The oceans are still a wilderness for man, perhaps as much a frontier as the outer reaches of our solar system. In fact, a few years ago, one of our satellites made a close approach to Pluto, so in a sense we’ve actually done better at exploring 6 billion kilometers away than we have 11 kilometers of the oceans’ depths. They are so vast, so deep, so uninhabitable for man. Deep sea creatures; reefs; vast mountain ranges, including the tallest mountains in the world, with volcanoes erupting into the water, turning it to steam in the deeps; deep, deep, deep trenches; trillions of critters and plants thriving in the salt water; continent-sized ice sheets where the water is too cold to be liquid. Currents, gulf streams, el ninos, la ninas, it’s just too much for our poor frail brains to fathom! As Billy Joel would say, “I can’t take it any more!”
I’m returning to the beach, sporadically but incessantly, throughout my life. My family, particularly a daughter-in-law who shall remain nameless but nevertheless knows of whom I write, makes fun of the way I dress for the beach. Much as I am deeply penetrated by the environment, by that particular place in space and time, I do not like the sun. The sun does not always join me at the beach – I’ve enjoyed many hours on cloudy, even stormy beaches. It’s the nature of family life, however, that the papa follows the family to the beach when they want to go, selection of time which I have found cannot be influenced away from the warm clear days of summer.
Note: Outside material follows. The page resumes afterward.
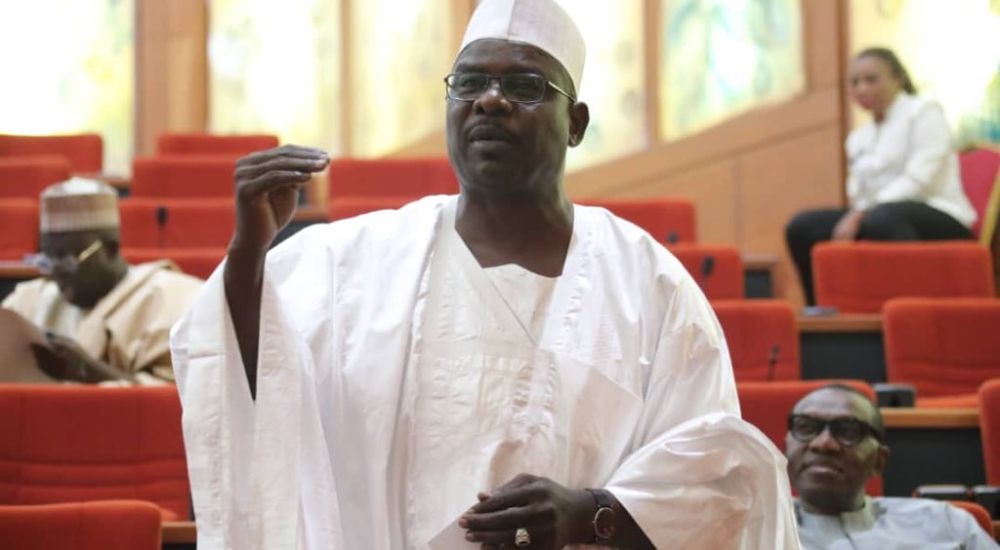Senator representing Borno South Mr Ali Ndume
So I dress for the sun, long-sleeved shirt, sweat shirt preferably with a hood, swimsuit ready for the quick dip in the waves but a blanket to cover my legs, my cool guy hat (which will probably be tucked away in my casket some day, though “cool” doesn’t seem a likely attribute of people in heaven), and a towel over my head, all best further shaded under a beach umbrella. A coat of sun lotion ensures a minimum of exposure to the deadly gushtunkina ray gun we call the sun.
But the clothing also isolates me, which is part of the plan. Mind and senses forward to the sea, what I see, feel, hear, smell, and even taste is waves. Crashing waves, with no apparently discernible pattern, but with a pattern nonetheless. Some like the beach for its camaraderie, to play volleyball or marco polo, as kids play games that nobody has ever played before. Some come to swim and bodysurf and otherwise play in the water. Some actually come for the sun. But they all miss the point of aloof independent observation of fractal sensory saturation.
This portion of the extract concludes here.